The political framing

The announcement is openly adversarial toward the Trump administration. Newsom's office noted that while the president ended free national park admission on Juneteenth and directed the National Park Service to remove exhibits on slavery and climate change, California is doing the opposite — reducing cost and, through its Reexamining Our Past Initiative, expanding interpretive programming rather than contracting it. A federal judge recently ordered the Trump administration to reinstall the removed exhibits and signs.

"California doesn't hide from hard truths and uncomfortable history — in fact, we embrace it and learn from it," Newsom said in the official announcement. "While Trump ignores and tries to rewrite the past, California is marking these celebrations of freedom by inviting everyone to learn our country's history — our real history — for free in our state parks."

The pass is funded by donations from the California State Parks Foundation and the California State Railroad Museum Foundation, not state general funds.

The Juneteenth significance

Senator Akilah Weber Pierson, chair of the California Legislative Black Caucus, pointed to the historical exclusion of Black Americans from public lands as context for why the barrier removal matters. "For generations, Black Americans were excluded from public spaces and denied access to the opportunities and experiences that others enjoyed," Weber Pierson said. "By widening access to California's historic state parks to more families, we help ensure that public lands are places where everyone can learn and benefit from."

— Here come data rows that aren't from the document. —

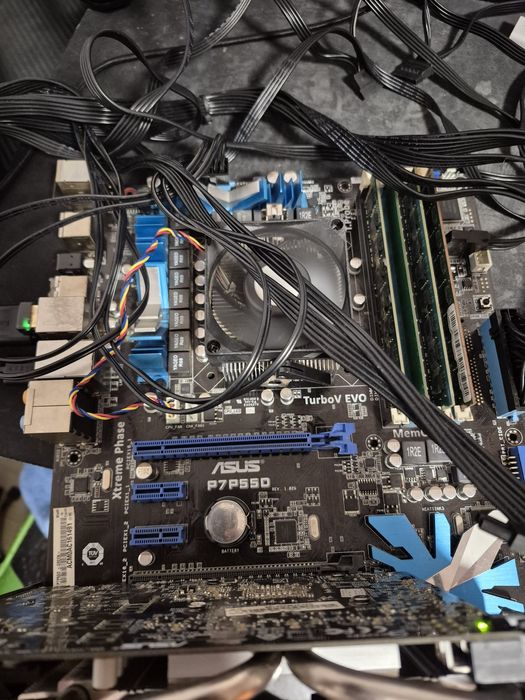 Kit placa de baza + procesor + 12 GB ram + shild + placa se rețea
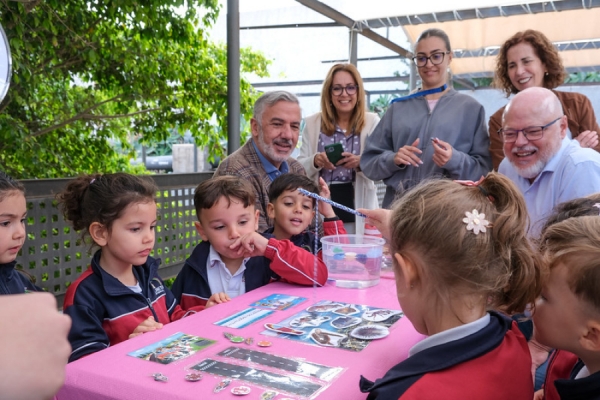 Niños y niñas participantes en la feria Infaciencia en Las Palmas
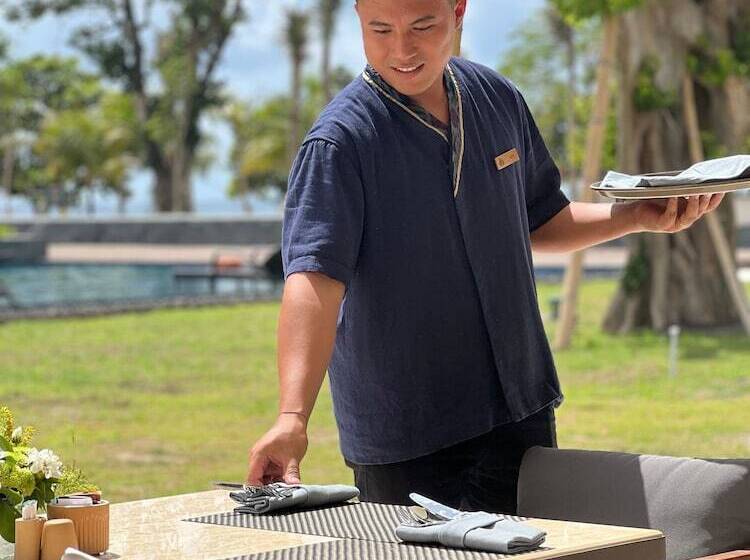 호텔 The Meru Sanur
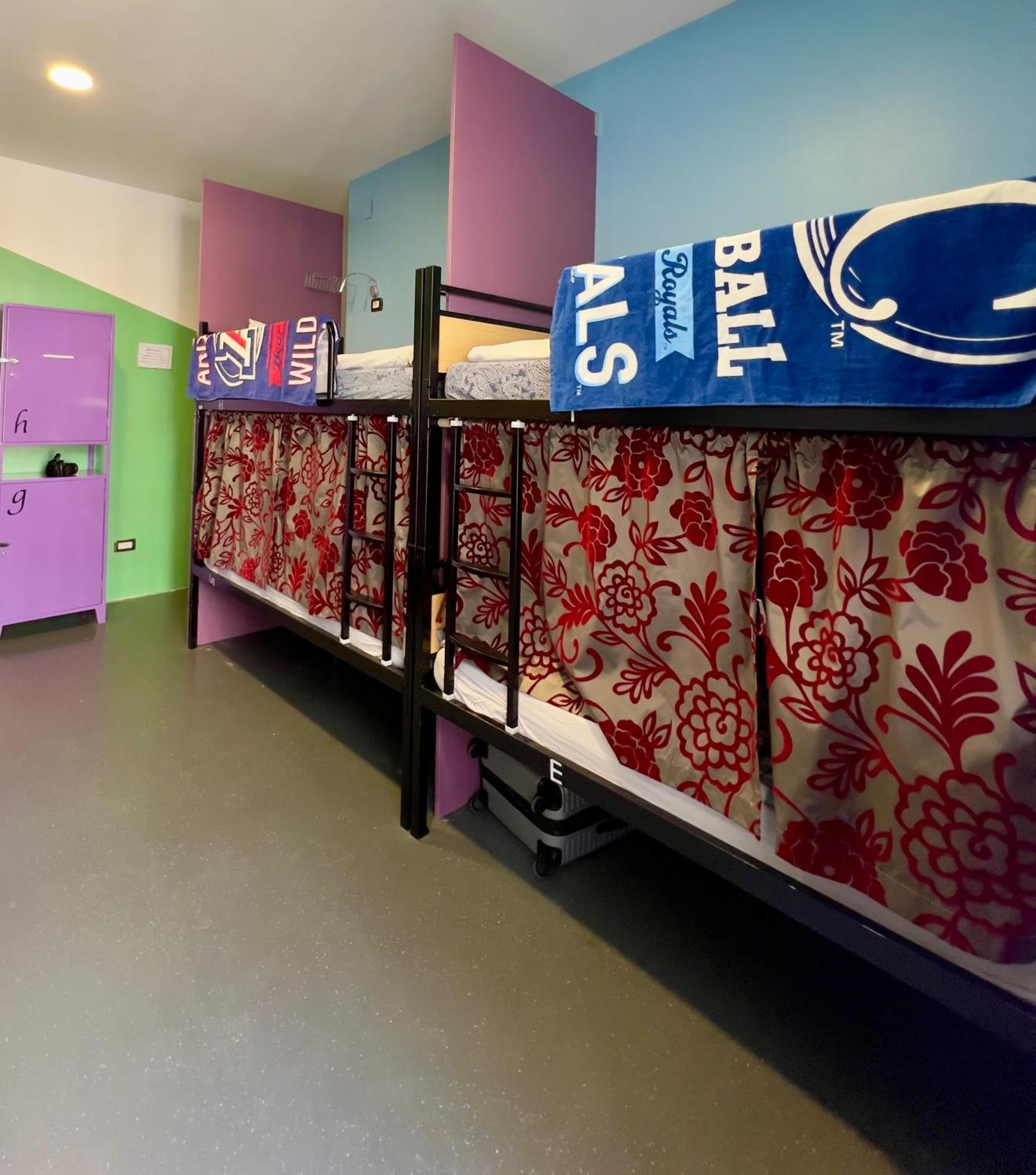 Himalayan Hostel Загреб Екстериор снимка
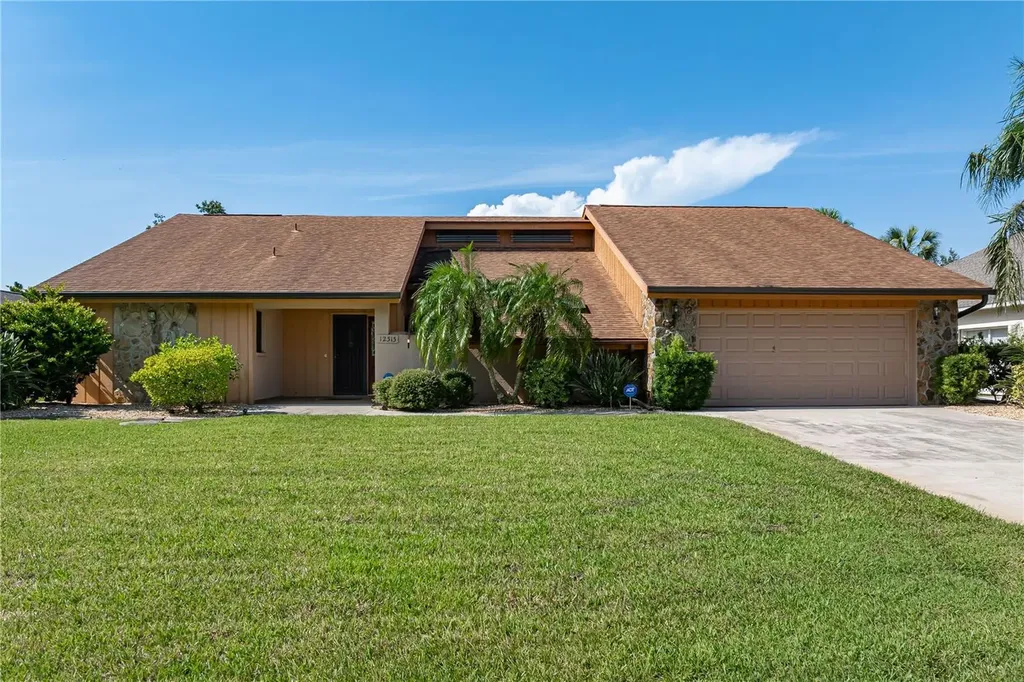 12313 SW Kingsway Circle Lake Suzy FL 34269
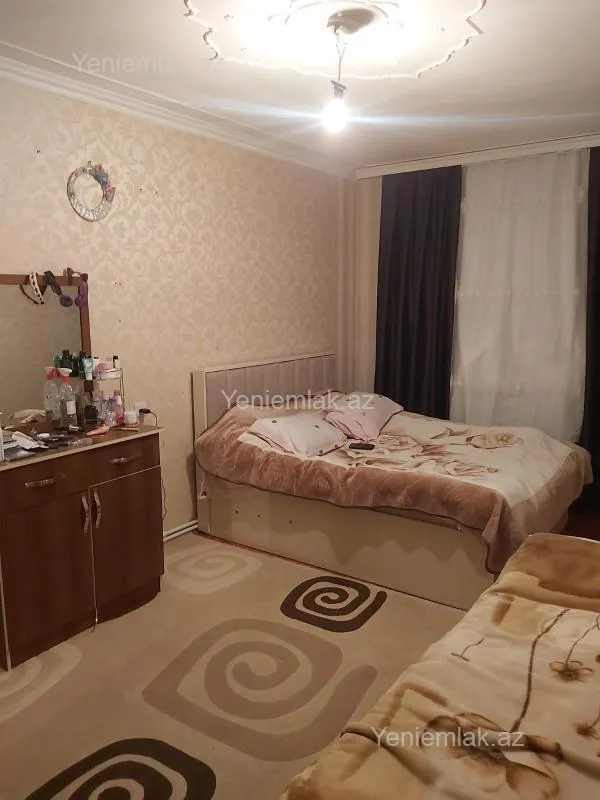 Satılır 3 otaqlı köhnə tikili 75 m²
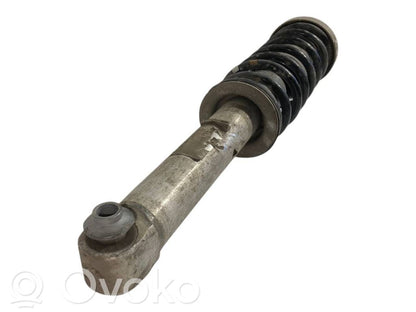 Aizmugurē amortizators ar atsperi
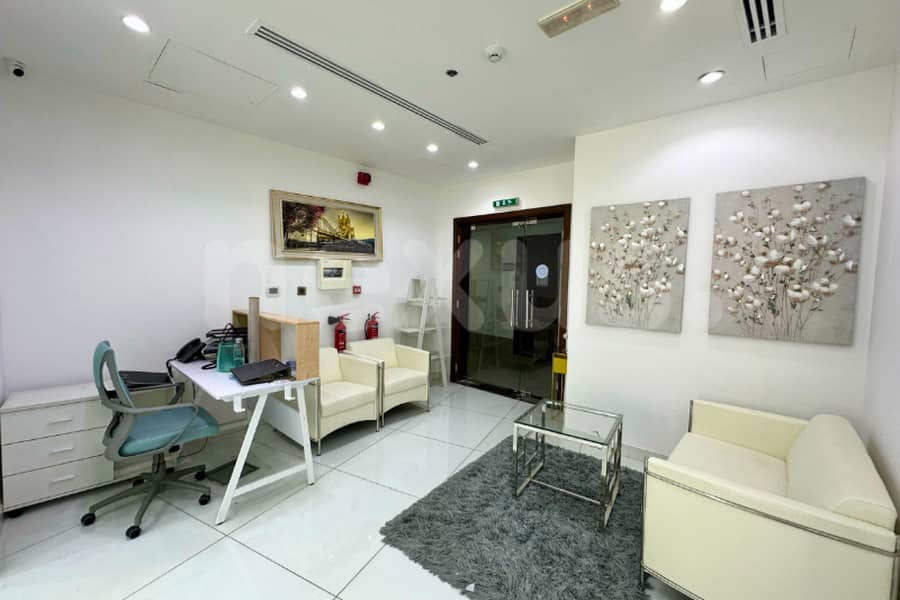 FULLY FURNISHED | VACANT | PRIME LOCATION FULLY FURNISHED | VACANT | PRIME LOCATION
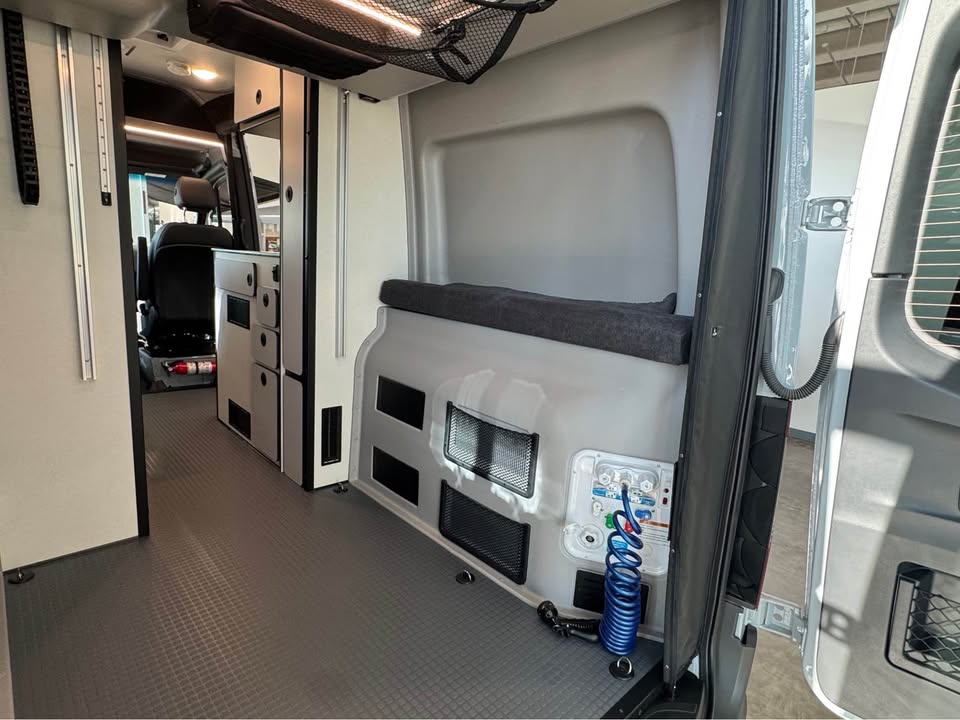 2026 Winnebago Revel Sport 44N in Fort Worth, TX (photo 5) — photo 5
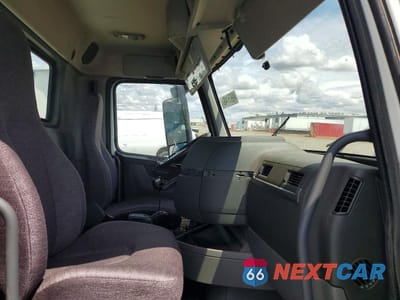Piąte zdjęcie samochodu w środku: 2024 VOLVO VN VNL VIN:4V4NC9EH1RN640593 - miniatura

The announcement specifically highlighted Colonel Allensworth State Historic Park — the only California town founded, financed, and governed entirely by Black Americans — as the most significant park in the system for Black history. That park is in Tulare County, not the Bay Area, but it's included in the passport.

State Parks Director Armando Quintero framed the offer as an on-ramp. "I hope the free Historian Passport introduces more Californians to the state's historic gems and sparks a curiosity, thirst for knowledge and sense of belonging that leads to many return visits," he said.

The Historian Passport program builds on a January directive from Newsom in which more than 200 state parks offered free entry on Martin Luther King Jr. Day.